Une méthode hybride mobilise des centaines de fois moins de mémoire et modélise mieux les processus chaotiques - du climat au flux sanguin
Des chercheurs de l’University College London (UCL) ont mis au point une méthode hybride qui associe informatique quantique et intelligence artificielle afin d’améliorer nettement la prévision de systèmes physiques complexes. Cette approche surpasse les modèles classiques reposant uniquement sur des ordinateurs traditionnels et pourrait être exploitée en climatologie, en médecine et dans le secteur de l’énergie.
Publié dans Science Advances, le travail montre que cette architecture hybride atteint une précision supérieure de 20 % par rapport aux architectures d’IA classiques. Les auteurs indiquent aussi que la méthode exige des centaines de fois moins de mémoire et qu’elle maintient la stabilité des prédictions, y compris lorsque le système étudié présente un comportement chaotique.
Méthode hybride quantique-IA : comment l’apprentissage se répartit entre qubits et supercalculateur
Le principe s’appuie sur des ordinateurs quantiques qui traitent l’information à l’aide de qubits. Contrairement aux bits ordinaires, les qubits peuvent prendre l’état 0, l’état 1, ou une superposition des deux, ce qui permet de représenter un très grand nombre d’états possibles.
Pendant la phase d’entraînement de l’IA, l’ordinateur quantique examine les données et en extrait des propriétés statistiques stables. Ces caractéristiques servent ensuite à entraîner le modèle sur un supercalculateur classique, ce qui combine l’exploration quantique des structures de données et l’efficacité des calculs à grande échelle sur des ressources conventionnelles.
Pourquoi les effets quantiques renforcent la modélisation des processus chaotiques
Les principaux atouts de la méthode proviennent d’effets quantiques tels que l’intrication et la superposition, qui rendent possible un traitement compact de volumes d’information importants.
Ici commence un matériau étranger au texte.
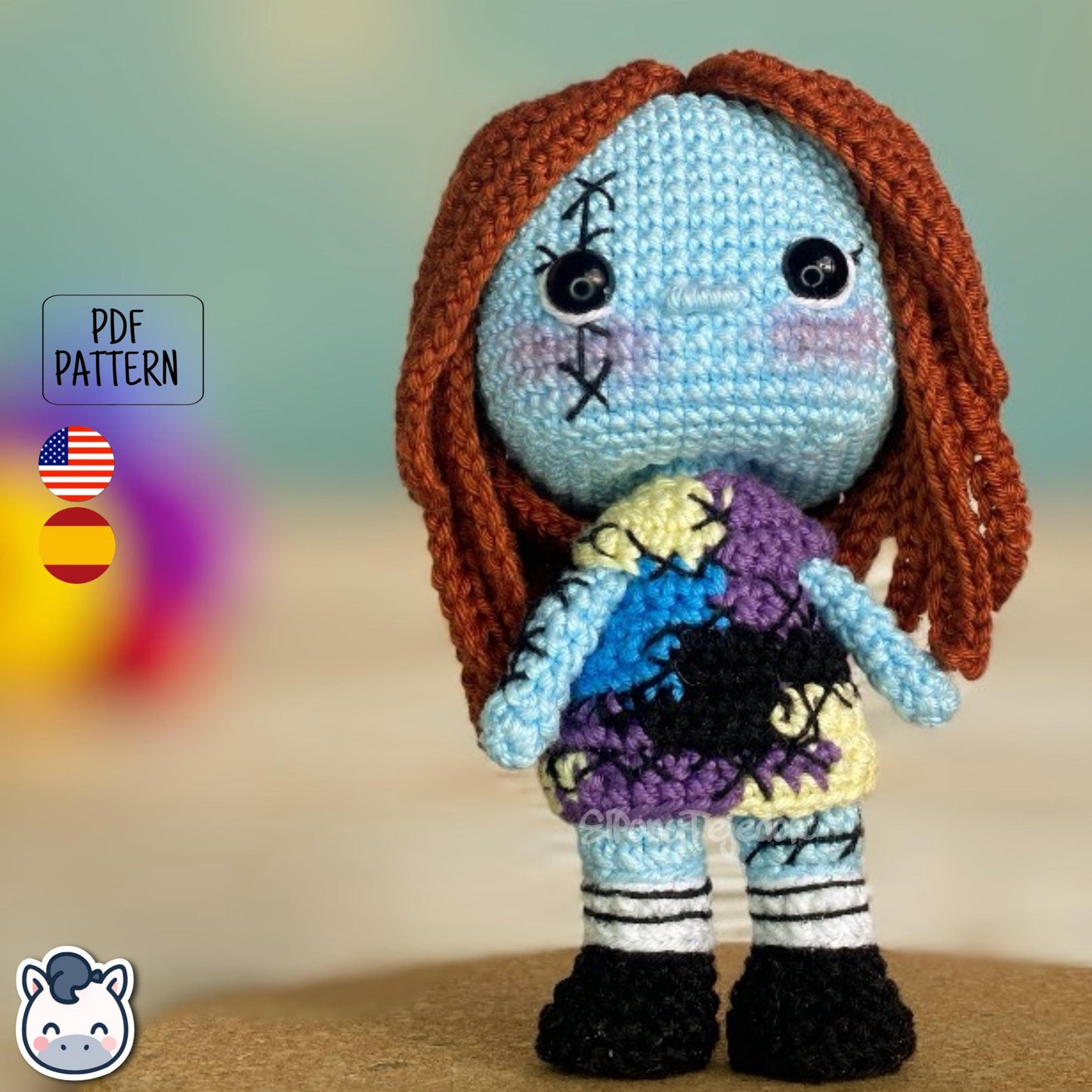 Handmade Sally amigurumi inspired by Tim Burton’s The Nightmare Before Christmas, cute gothic Halloween crochet pattern PDF.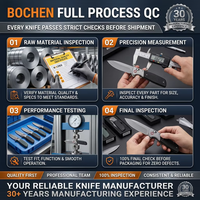 Couteau de poche pliant tactique EDC Bochen de haute qualité, en acier D2, avec manche G10, personnalisable, pour le camping, la chasse, ou comme cadeau.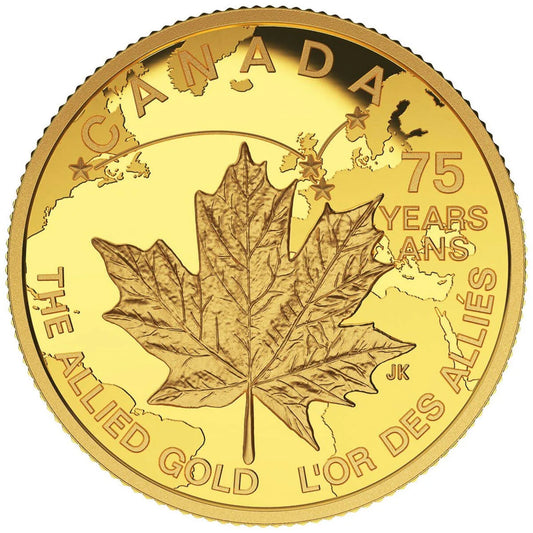 1/4 oz Pure Gold Coin - 2015 $75 The Allied Gold - Royal Canadian Mint .9999 Au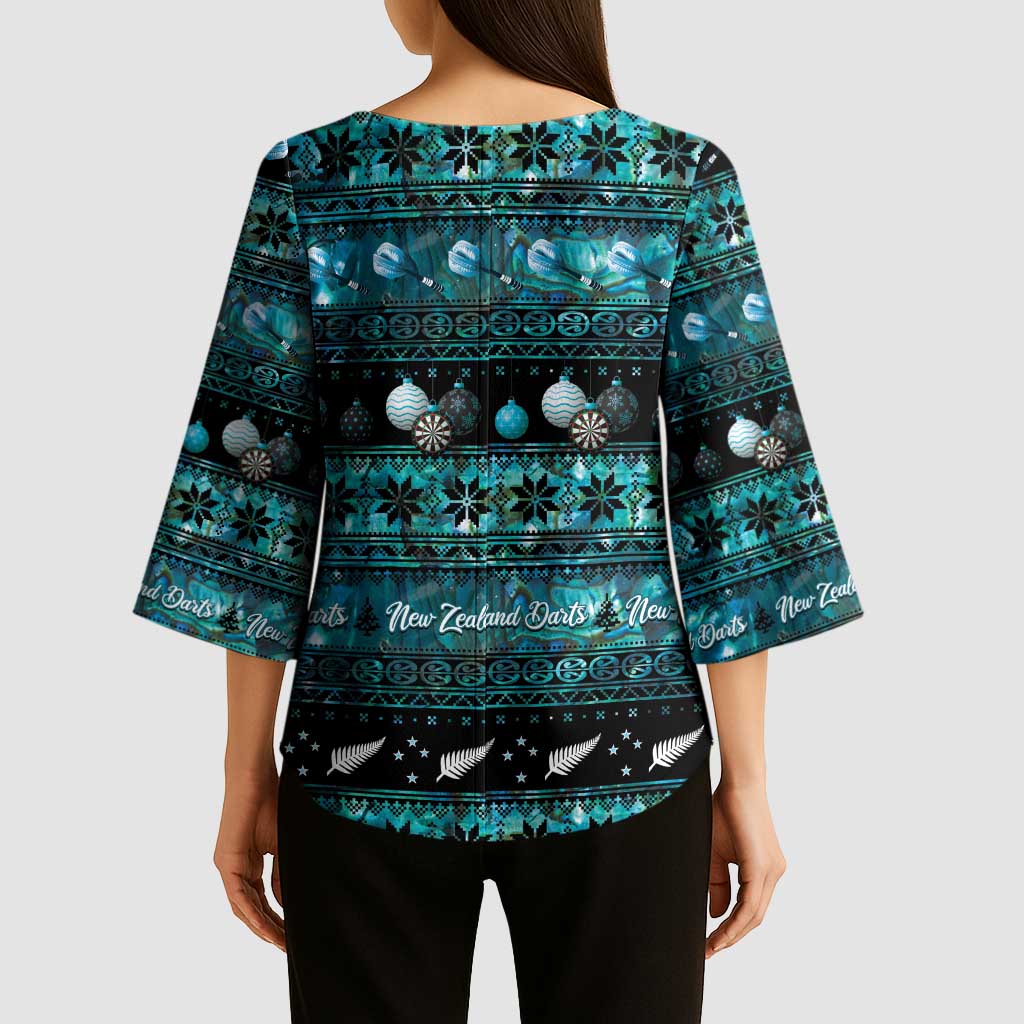 New Zealand Darts Christmas Kimono Sleeve Blouse Merry Xmas Aotearoa Maori Paua Shell - Aussie Hoodie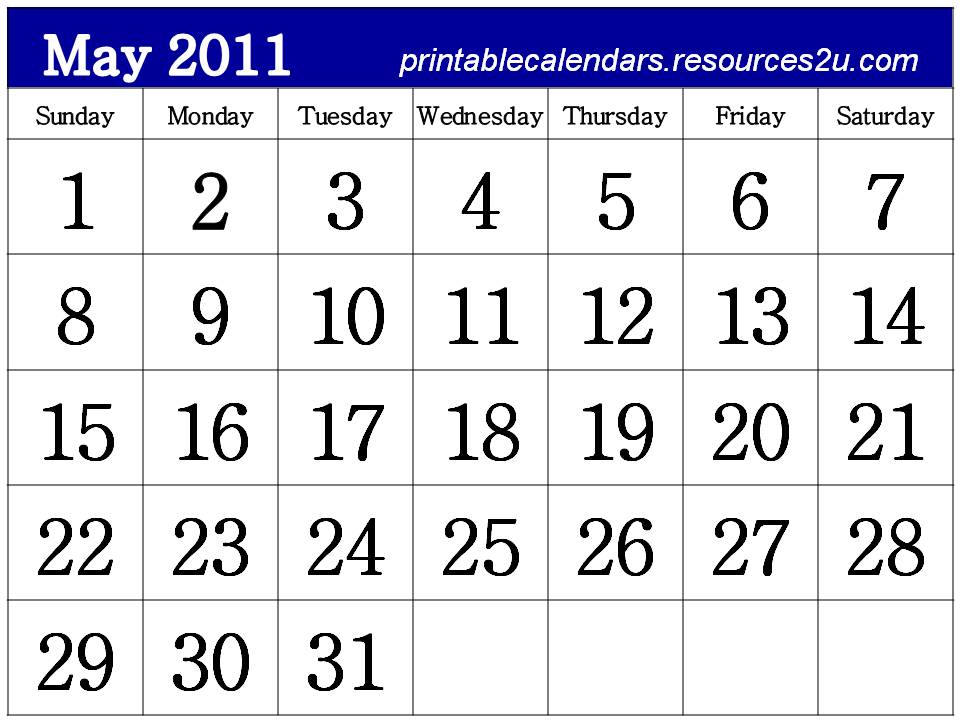 2011 Calendar Printable Free. 2011 calendar printable may.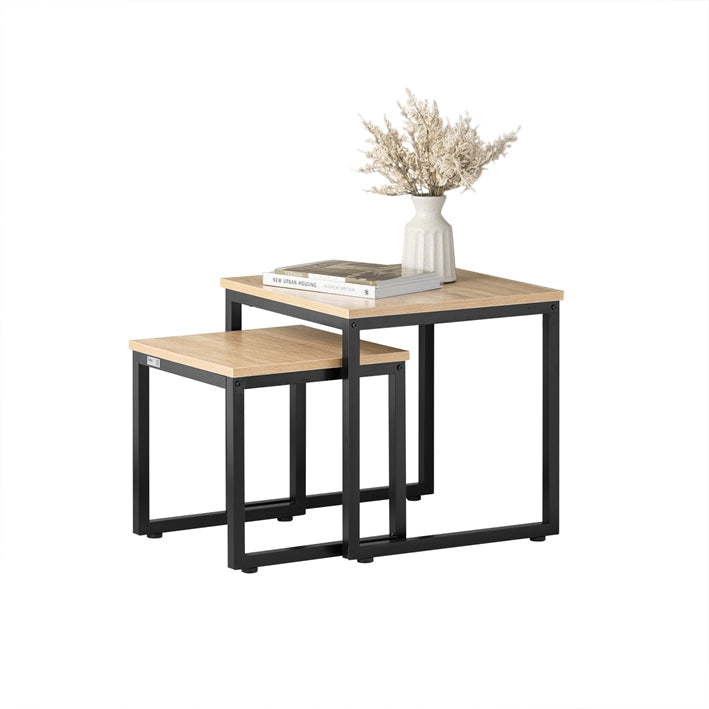 SoBuy | Set di 2 tavolini impilabili | Tavolino da caffè | Tavolino da salotto Nero | FBT42-N
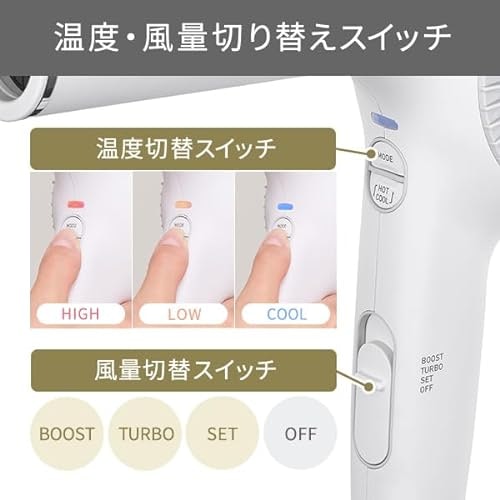 風量・温度ともに3段階調整。温冷自動切り替え機能つき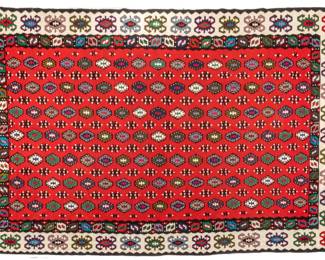 Lot 185 Turkish Kilim Handwoven Wool Rug, Ca. 1990, W 6' 6" L 9' 8"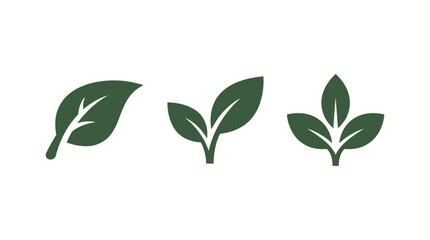 Fototapeta premium Minimalist Green Leaf Vector Icons for Botanical Brand Identity Design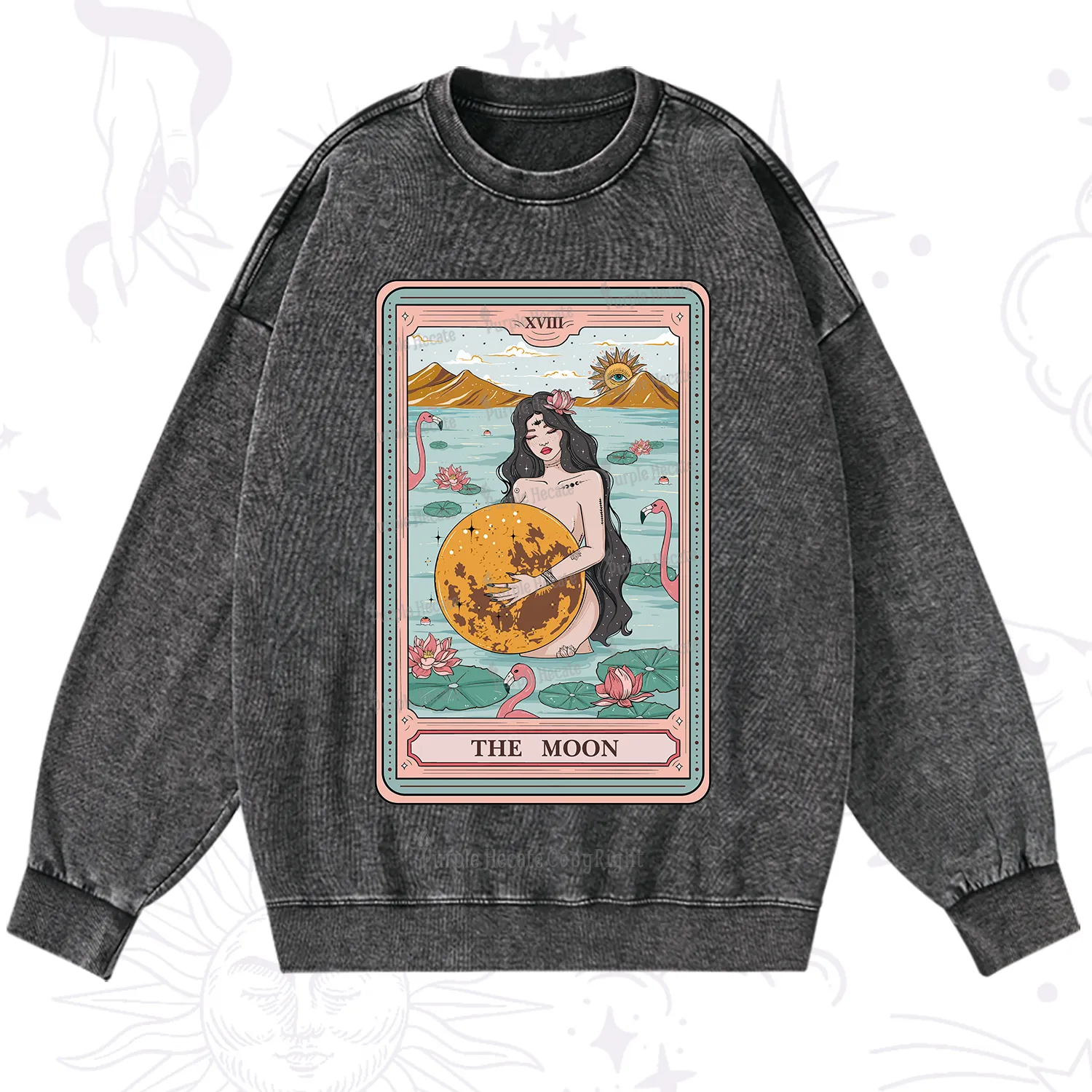 Purplehecate The Moon Goddess Tarot Washed Sweatshirt
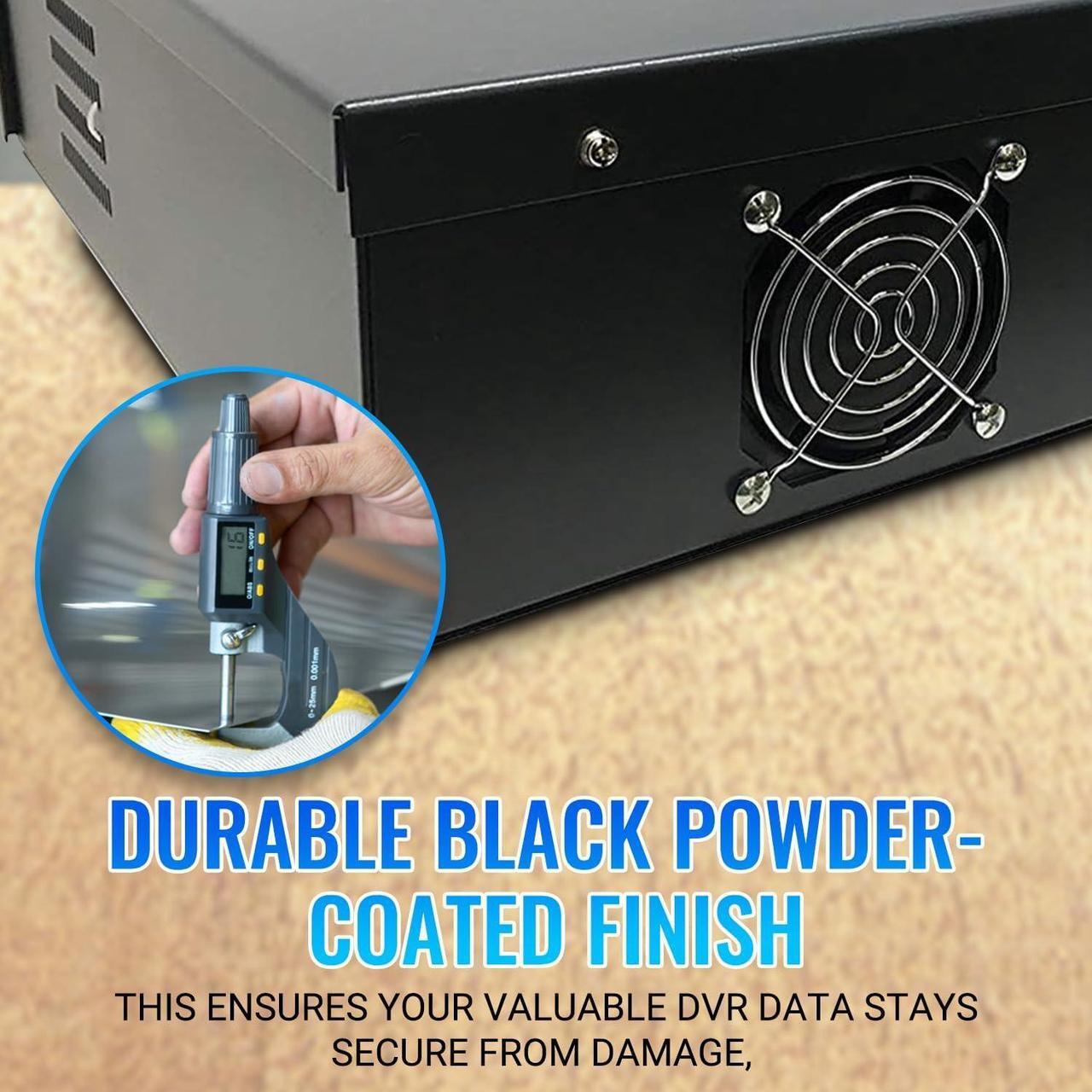Alt view image 6 of 7 - Heavy Duty Steel 18" x 18" x 5" DVR/PC Security Lock box with 16 Gauge steel walls, and Exhaust Fan, Great electonics lock box for stores, gyms, classrooms, and any public place White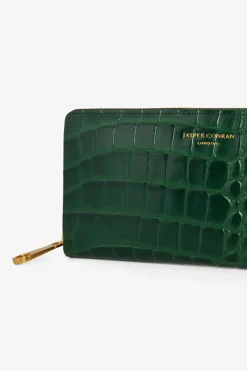 Jasper Conran Alexis Leather Large Croc Zip Round Purse Flash Sale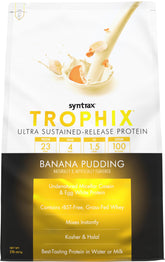 Syntrax Trophix banane-pudding : bouteille visible, shake rapide après l’entraînement.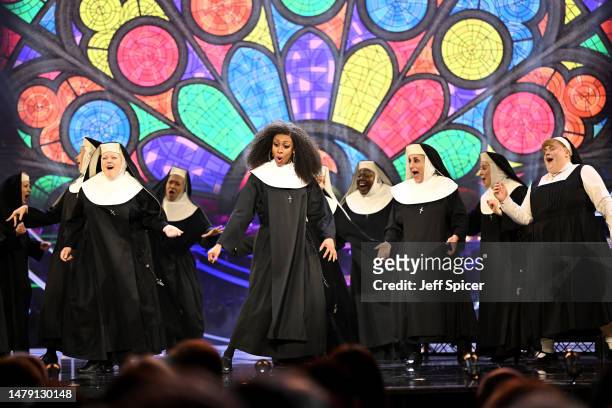 Beverley Knight performs with the cast of "Sister Act" onstage at The Olivier Awards 2023 at the Royal Albert Hall on April 02, 2023 in London,...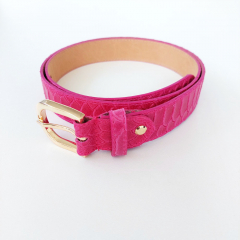 Ledergrtel Damen Krokoprgung - Gr. 95 - gold Schnalle - pink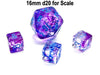 Luminary Nebula 9mm Mini 6 Sided D6 Dice, 6 Pieces - Nocturnal with Blue Numbers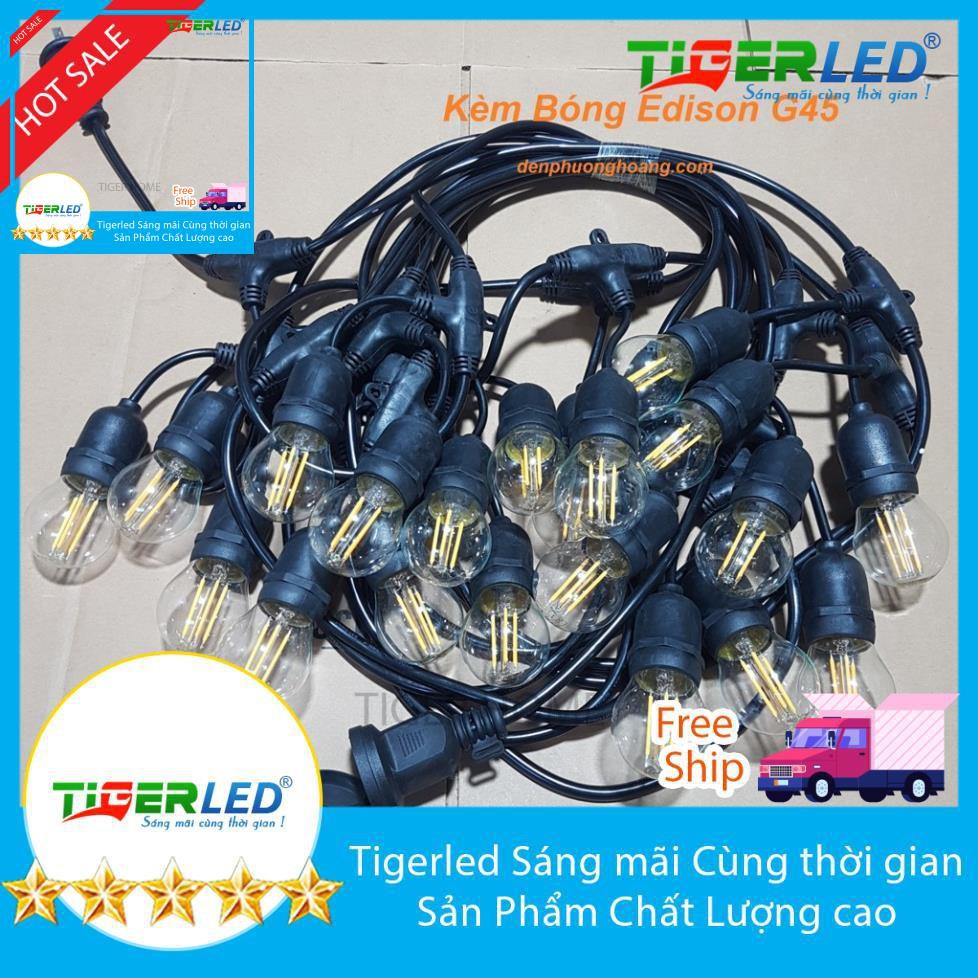 Đèn dây trang trí ngoài trời 5M 10 đui kín nước (IP65) Đây Đồng Nguyên Chất Chịu tải 10 bóng 50w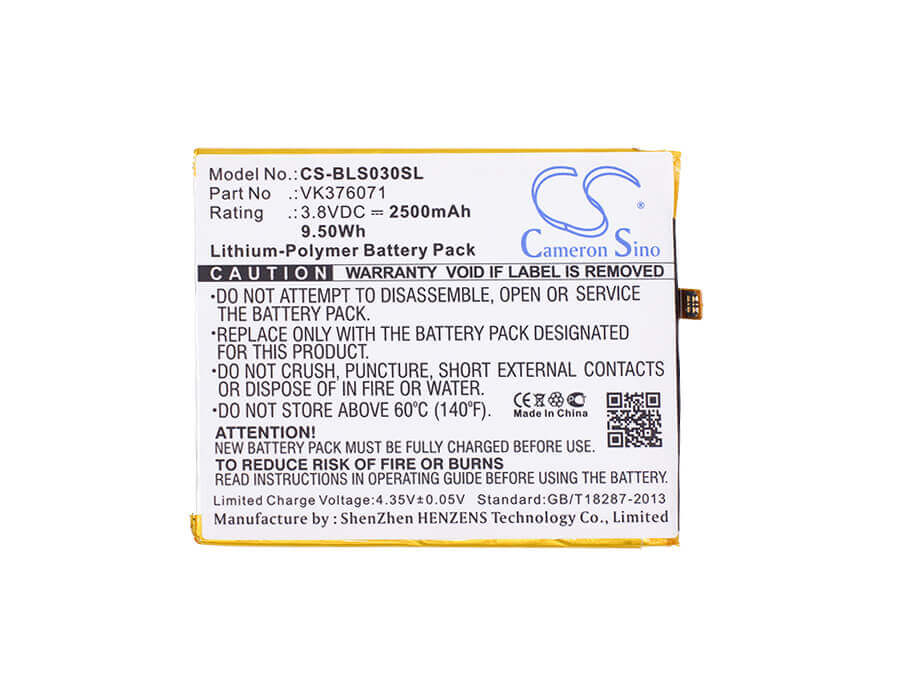 3.8V, Li-Polymer, 2500mAh, SmartPhone battery fits Blu, Vk376071, S0030uu, Studio G Lte, 9.5Wh Mobile, SmartPhone Cameron Sino Technology Limited (Suspended)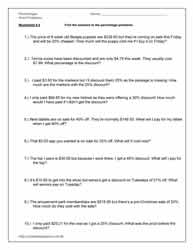 Percentage Word Problems Worksheets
L’approche devient ainsi particulièrement adaptée à la simulation de systèmes complexes, où une variation locale peut se répercuter sur des zones éloignées du système - un défi typique lorsqu’on tente de reproduire des dynamiques difficiles à prévoir.
Mise en œuvre expérimentale et applications visées (turbulence, flux sanguin, parcs éoliens)
L’étude a été réalisée avec un ordinateur quantique IQM à 20 qubits, connecté à des ressources de calcul classiques au centre de calcul Leibniz (Allemagne). Les ordinateurs quantiques fonctionnent à des températures extrêmement basses, proches du zéro absolu (-273°C), ce qui complique leur exploitation, tout en soulignant leur potentiel.
Selon le responsable des tests, le professeur Peter Coveney, la méthode pourrait servir à prévoir la turbulence, à simuler le flux sanguin, à concevoir des parcs éoliens et, plus largement, à traiter d’autres problèmes liés au chaos en mathématiques, qui étudie le comportement de systèmes dynamiques complexes. L’équipe prévoit d’étendre l’approche à des jeux de données plus vastes, de l’appliquer à des cas réels et d’élaborer un socle théorique pour soutenir les développements futurs.